Tesla, the electric car company, was named after Nikola Tesla, the Serbian-American inventor of alternating current (AC).

Engineers Martin Eberhard and Marc Tarpenning chose to name their electric car company “Tesla Motors” after the inventor because of his pioneering work with electricity. Tesla famously competed with Thomas Edison, the proponant for direct current (DC), in the War of the Currents, a race to produce the best electrical transmission system in the 1880s. His other inventions included the Tesla Coil (1891) and one of the first wireless remote controls (1898).

Elon Musk, who took over as CEO in 2008, revealed the company had to purchase the name: "We didn’t actually come up with the Tesla Motors name. Bought trademark off Brad Siewert for $75k in late 2004. He’d originally filed for it in 1994. Our alternative name was Faraday, which was used by a competitor several years later."

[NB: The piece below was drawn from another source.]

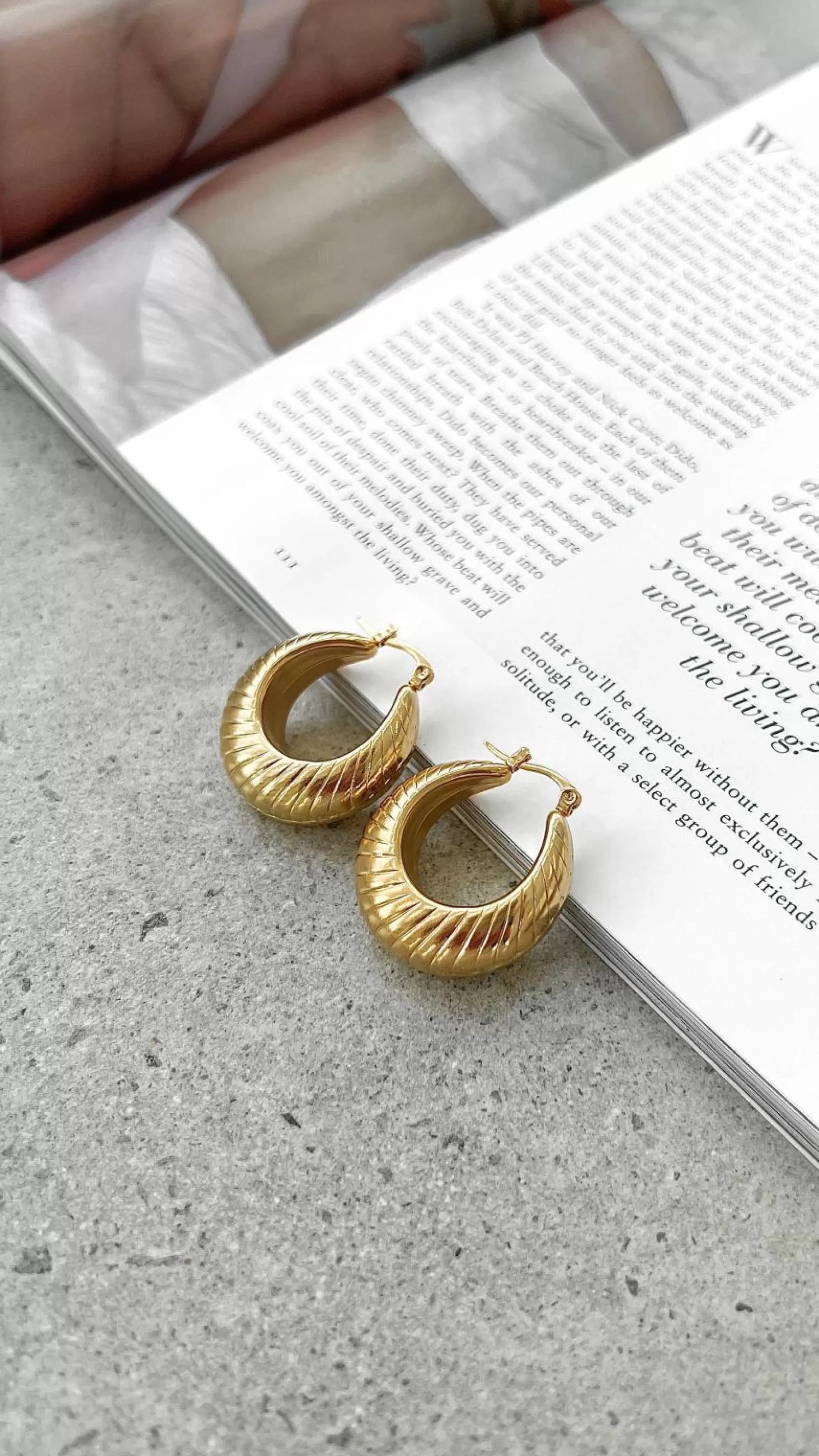 Lauren Coil Plated Earrings - | Billy J Clearance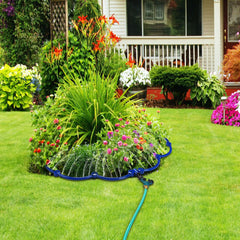 ZZM watering ring placed around a newly planted tree promoting deep root moisture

Root: The name Tesla means 'of Thessaly', a region of northern Greece.
Thessaly or "Thessalia" was home to a small district called Magnesia that was named after the Magnetes, an Ancient Greek tribe mentioned in Homer's Iliad. This innocuous prefecture would lend its name to the elements Manganese and Magnesium, the rock mineral Magnetite found in the area, and as the mineral could be magnetized, it also gave us the word magnet.